When it comes to health problems associated with smoking, you would probably think of issues such as emphysema, COPD and lung cancer. But if recent research on this subject is correct, you might also be able to add back pain to the list.
A Bad Lifestyle Choice
Consider a report published in the Annals of the Rheumatic Diseases. Conducted by a team of British researchers, this report surveyed more than 13,000 people, asking them about their lifestyle habits. Specifically, the authors asked the participants about the following:
- Smoking habits
- Levels of physical activity
- Pain history
Even when taking these multiple factors into account; the research team still concluded that smokers faced a 30 percent greater risk of significant back pain, due simply due to their consumption of tobacco products. In addition, pain in the neck, shoulders, elbows, hands, hips, and knees was found to be a somewhat greater threat to smokers than non-smokers.
What’s The Link?
So how does smoking make a person more susceptible to back pain? As of now, medical researchers aren’t exactly sure. The authors of the report published in the Annals of the Rheumatic Diseases did offer one possible explanation – they believe that tobacco consumption may alter how the brain disseminates its pain signals.
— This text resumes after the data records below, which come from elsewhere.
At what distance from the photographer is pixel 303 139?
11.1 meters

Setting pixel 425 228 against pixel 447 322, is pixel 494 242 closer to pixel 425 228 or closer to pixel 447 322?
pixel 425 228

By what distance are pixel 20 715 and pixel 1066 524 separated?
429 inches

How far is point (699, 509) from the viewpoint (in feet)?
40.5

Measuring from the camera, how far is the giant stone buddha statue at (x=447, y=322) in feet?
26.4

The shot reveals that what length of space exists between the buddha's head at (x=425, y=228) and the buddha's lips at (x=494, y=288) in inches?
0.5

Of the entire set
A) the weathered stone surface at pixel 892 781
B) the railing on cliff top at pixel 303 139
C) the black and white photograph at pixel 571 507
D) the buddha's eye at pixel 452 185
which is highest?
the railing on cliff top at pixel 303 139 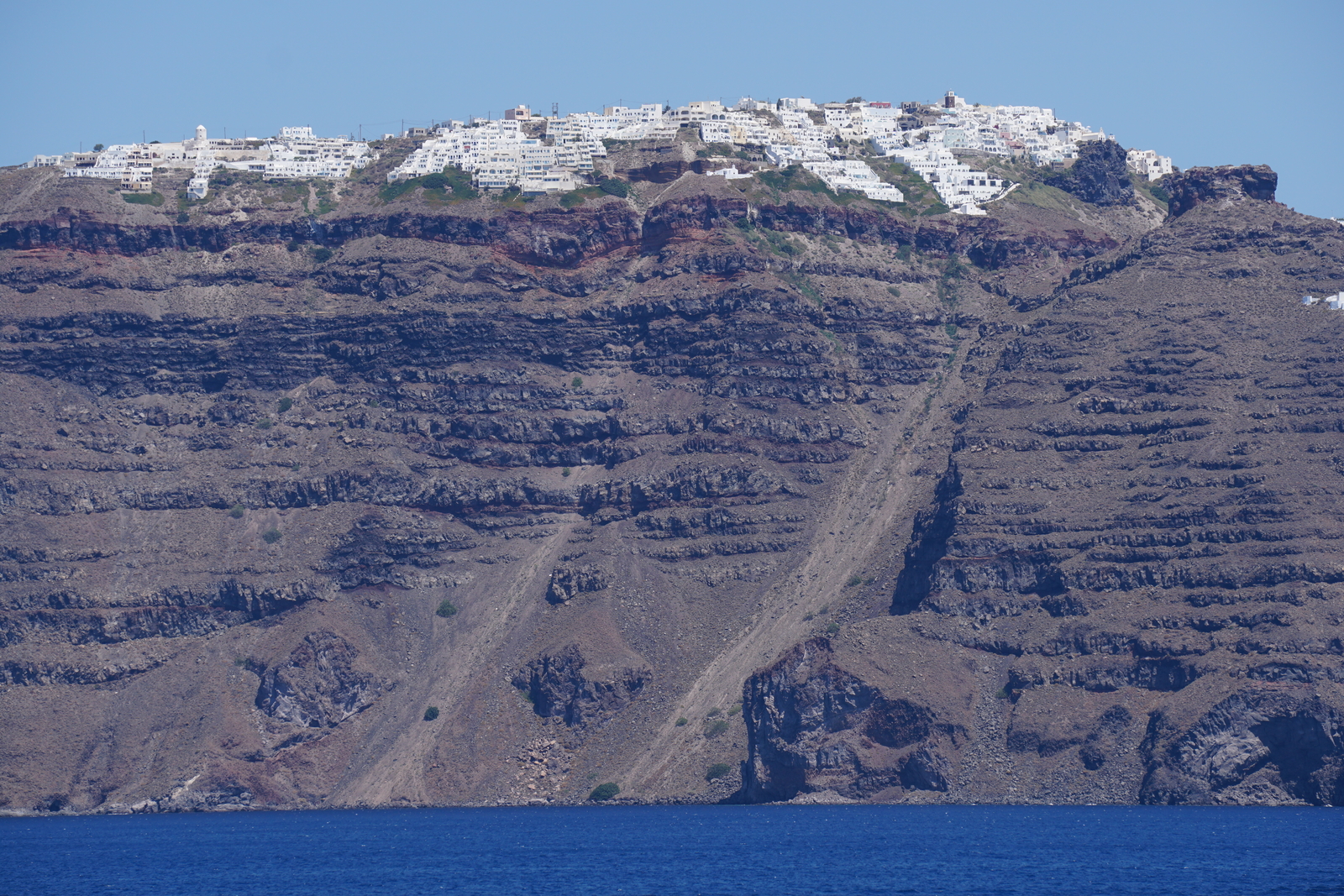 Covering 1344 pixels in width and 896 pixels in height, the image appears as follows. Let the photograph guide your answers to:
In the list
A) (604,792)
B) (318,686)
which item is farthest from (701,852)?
(318,686)

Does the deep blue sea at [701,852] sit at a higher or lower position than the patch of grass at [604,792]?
higher

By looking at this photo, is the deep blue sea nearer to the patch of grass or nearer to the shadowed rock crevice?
the patch of grass

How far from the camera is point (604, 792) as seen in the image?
18225cm

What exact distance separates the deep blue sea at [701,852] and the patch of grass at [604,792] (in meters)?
1.54

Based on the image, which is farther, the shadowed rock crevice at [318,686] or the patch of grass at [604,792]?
the shadowed rock crevice at [318,686]

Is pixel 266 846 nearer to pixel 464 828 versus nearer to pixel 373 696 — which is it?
pixel 464 828

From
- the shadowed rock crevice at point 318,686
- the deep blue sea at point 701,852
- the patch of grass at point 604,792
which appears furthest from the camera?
the shadowed rock crevice at point 318,686

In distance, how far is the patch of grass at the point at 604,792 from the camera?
18200 centimetres

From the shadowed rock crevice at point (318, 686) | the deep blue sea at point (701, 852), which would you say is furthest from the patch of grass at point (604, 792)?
the shadowed rock crevice at point (318, 686)

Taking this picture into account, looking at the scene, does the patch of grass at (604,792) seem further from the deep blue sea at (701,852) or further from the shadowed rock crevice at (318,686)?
the shadowed rock crevice at (318,686)

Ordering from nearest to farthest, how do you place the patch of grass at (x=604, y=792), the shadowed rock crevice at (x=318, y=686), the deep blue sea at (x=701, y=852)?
the deep blue sea at (x=701, y=852)
the patch of grass at (x=604, y=792)
the shadowed rock crevice at (x=318, y=686)

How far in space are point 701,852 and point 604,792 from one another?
37580mm

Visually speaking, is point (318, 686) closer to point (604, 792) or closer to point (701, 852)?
point (604, 792)

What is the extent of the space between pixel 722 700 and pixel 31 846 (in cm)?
5534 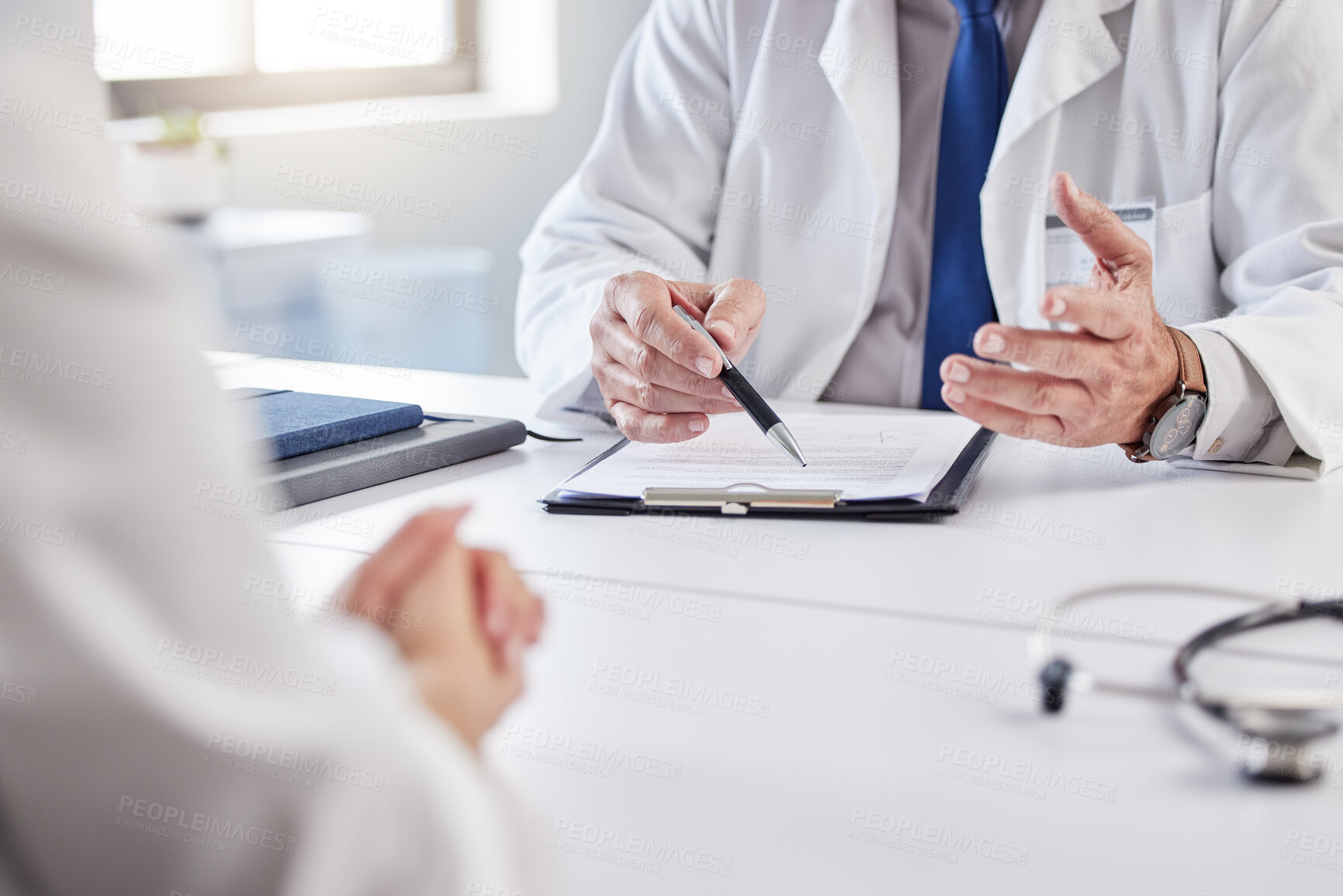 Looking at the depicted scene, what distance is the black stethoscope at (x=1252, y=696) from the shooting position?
39cm

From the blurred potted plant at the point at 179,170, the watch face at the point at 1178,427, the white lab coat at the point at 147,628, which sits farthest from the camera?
the blurred potted plant at the point at 179,170

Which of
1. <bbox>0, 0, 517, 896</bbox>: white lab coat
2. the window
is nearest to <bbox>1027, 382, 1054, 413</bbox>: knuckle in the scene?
<bbox>0, 0, 517, 896</bbox>: white lab coat

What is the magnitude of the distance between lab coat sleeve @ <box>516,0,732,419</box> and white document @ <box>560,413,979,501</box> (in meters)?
0.44

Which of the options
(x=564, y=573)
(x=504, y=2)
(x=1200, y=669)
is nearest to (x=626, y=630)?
(x=564, y=573)

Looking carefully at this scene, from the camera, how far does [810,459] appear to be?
0.81 metres

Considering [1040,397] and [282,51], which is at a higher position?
[282,51]

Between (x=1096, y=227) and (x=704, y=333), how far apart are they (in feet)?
1.08

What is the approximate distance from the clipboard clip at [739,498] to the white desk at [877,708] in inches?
0.6

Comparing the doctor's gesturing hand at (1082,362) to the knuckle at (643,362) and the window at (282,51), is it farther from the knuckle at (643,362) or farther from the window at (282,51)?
the window at (282,51)

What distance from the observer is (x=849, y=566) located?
625mm

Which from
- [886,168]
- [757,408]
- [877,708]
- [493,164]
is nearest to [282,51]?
[493,164]

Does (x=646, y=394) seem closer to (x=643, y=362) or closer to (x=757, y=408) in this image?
Answer: (x=643, y=362)

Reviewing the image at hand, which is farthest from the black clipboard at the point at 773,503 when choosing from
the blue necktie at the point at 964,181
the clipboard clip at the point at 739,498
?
the blue necktie at the point at 964,181

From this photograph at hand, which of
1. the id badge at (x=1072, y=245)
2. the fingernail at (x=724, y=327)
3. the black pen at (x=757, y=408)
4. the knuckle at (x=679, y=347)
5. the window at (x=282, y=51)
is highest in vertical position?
the window at (x=282, y=51)
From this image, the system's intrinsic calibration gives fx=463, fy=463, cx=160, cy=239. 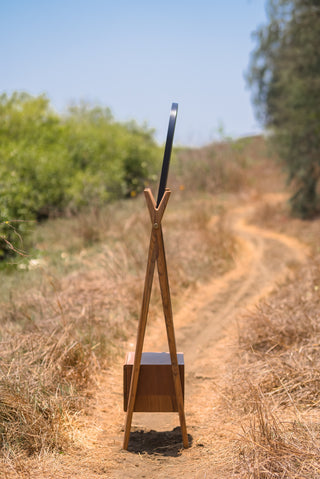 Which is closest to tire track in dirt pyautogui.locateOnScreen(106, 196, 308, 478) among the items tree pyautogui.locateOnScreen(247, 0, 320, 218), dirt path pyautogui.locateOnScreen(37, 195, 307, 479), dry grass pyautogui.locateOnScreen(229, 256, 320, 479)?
dirt path pyautogui.locateOnScreen(37, 195, 307, 479)

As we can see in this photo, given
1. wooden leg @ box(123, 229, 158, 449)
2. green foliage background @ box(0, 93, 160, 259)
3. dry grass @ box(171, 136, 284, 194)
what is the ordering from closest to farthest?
wooden leg @ box(123, 229, 158, 449), green foliage background @ box(0, 93, 160, 259), dry grass @ box(171, 136, 284, 194)

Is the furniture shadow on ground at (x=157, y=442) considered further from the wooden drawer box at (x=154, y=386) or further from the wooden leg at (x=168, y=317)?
the wooden drawer box at (x=154, y=386)

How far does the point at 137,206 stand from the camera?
10234mm

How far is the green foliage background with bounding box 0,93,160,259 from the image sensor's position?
10406 millimetres

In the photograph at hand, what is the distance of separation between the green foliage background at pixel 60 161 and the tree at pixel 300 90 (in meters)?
4.00

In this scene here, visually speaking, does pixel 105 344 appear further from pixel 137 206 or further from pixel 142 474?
pixel 137 206

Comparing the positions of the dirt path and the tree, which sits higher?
the tree

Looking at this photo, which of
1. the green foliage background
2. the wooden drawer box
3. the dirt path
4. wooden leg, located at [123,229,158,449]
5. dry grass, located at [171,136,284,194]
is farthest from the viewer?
dry grass, located at [171,136,284,194]

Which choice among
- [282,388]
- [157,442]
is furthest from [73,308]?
[282,388]

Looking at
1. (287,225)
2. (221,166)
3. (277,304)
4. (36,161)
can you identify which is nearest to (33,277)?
(277,304)

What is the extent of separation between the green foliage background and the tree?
13.1 feet

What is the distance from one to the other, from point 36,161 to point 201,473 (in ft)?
34.2

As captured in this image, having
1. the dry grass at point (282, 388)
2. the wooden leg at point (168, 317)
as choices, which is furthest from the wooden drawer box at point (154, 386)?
the dry grass at point (282, 388)

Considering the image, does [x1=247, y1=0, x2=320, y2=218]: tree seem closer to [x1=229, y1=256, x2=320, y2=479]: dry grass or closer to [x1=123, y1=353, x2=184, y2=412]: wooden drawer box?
[x1=229, y1=256, x2=320, y2=479]: dry grass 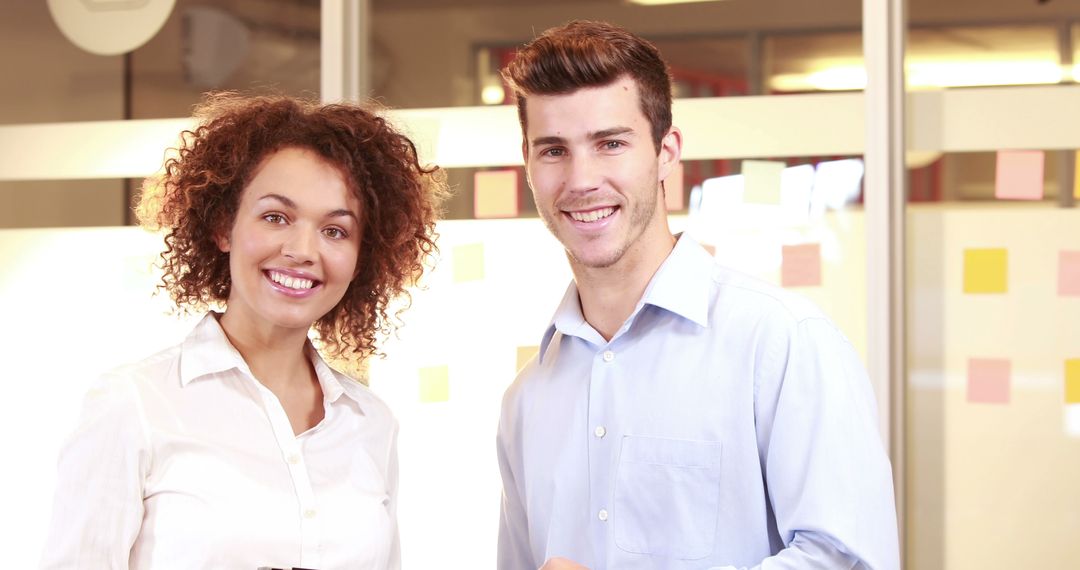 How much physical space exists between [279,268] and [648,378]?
1.98 ft

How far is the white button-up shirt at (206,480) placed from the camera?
5.41 feet

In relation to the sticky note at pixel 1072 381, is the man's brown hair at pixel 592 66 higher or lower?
higher

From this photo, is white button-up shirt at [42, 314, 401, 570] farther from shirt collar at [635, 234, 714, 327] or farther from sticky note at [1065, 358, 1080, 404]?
sticky note at [1065, 358, 1080, 404]

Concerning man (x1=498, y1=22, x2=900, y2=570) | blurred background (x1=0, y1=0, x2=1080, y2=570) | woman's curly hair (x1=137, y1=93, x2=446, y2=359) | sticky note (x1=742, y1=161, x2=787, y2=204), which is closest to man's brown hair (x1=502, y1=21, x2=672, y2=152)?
man (x1=498, y1=22, x2=900, y2=570)

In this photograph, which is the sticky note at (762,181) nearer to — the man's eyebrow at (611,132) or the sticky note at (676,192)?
the sticky note at (676,192)

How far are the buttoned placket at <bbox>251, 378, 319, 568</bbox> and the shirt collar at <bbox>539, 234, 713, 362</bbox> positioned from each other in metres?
0.47

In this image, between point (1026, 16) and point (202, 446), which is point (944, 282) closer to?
point (1026, 16)

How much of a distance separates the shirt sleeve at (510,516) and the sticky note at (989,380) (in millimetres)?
1612

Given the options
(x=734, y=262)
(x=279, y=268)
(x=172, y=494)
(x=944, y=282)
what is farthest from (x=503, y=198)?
(x=172, y=494)

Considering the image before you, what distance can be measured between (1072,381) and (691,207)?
111 cm

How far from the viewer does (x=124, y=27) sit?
3.84 meters

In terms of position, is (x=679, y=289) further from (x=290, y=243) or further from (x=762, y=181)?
(x=762, y=181)

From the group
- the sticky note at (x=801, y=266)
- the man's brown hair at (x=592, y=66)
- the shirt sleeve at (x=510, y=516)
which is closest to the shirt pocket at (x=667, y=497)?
the shirt sleeve at (x=510, y=516)

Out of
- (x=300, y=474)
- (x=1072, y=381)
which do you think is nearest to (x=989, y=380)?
(x=1072, y=381) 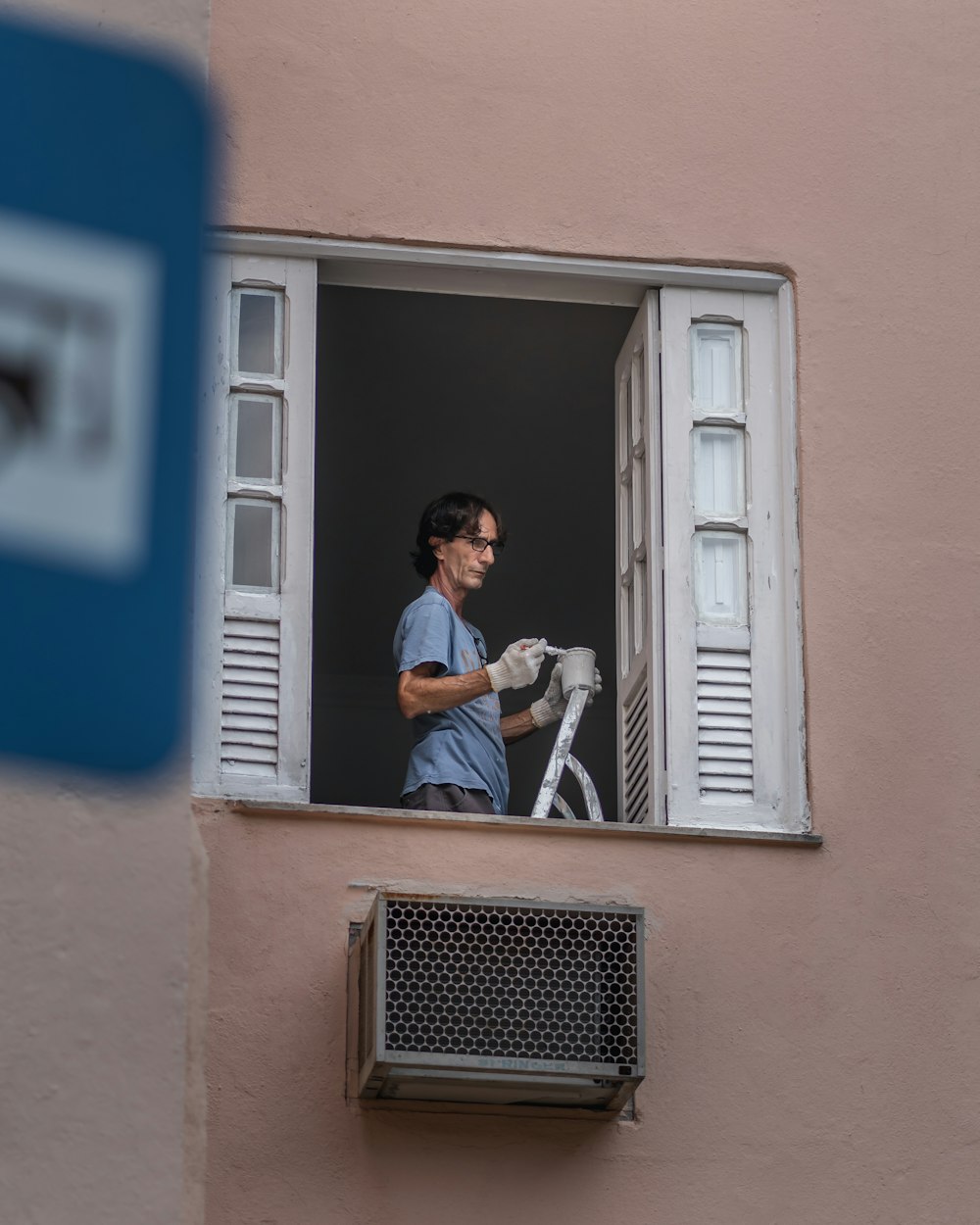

Alternatively, it may be that cigarettes have the effect of depriving back tissues of vital nutrients, making the back’s muscles and joints more likely to experience pain.
While medical researchers do not completely understand the connection between smoking and back pain woes, one thing is abundantly clear – those who smoke should try to kick their habit as soon as possible. Aside from reducing the risk of numerous cardiovascular problems, giving up on cigarettes just might offer some degree of back pain relief.